##### Material for this task #####

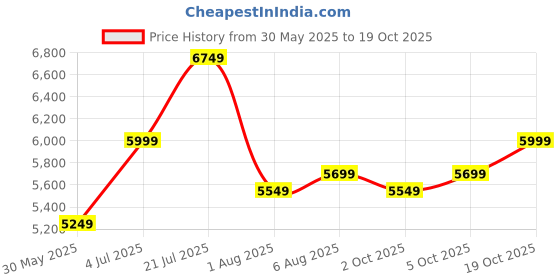 flipkart.com park avenue Men SB2 BTN NTCH SLM,H/L-LIGHT WT 2PC SUIT Solid Suit park avenue Price History Graph from 30 May 2025 to 19 Oct 2025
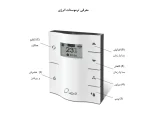 ترموستات کولر انرژی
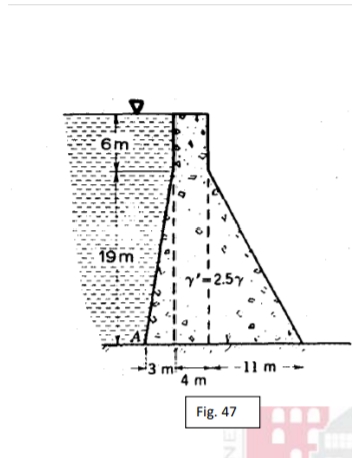 6m
19m.
y'=2.5y
3 mi
4 m
-11 m
Fig. 47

#####

Work task | All the lines above must be written out exactly, without a single picture.

Your response |
 flipkart.com park avenue Men SB2 BTN NTCH SLM,H/L-LIGHT WT 2PC SUIT Solid Suit park avenue Price History Graph from 30 May 2025 to 19 Oct 2025
 ترموستات کولر انرژی
 6m
19m.
y'=2.5y
3 mi
4 m
-11 m
Fig. 47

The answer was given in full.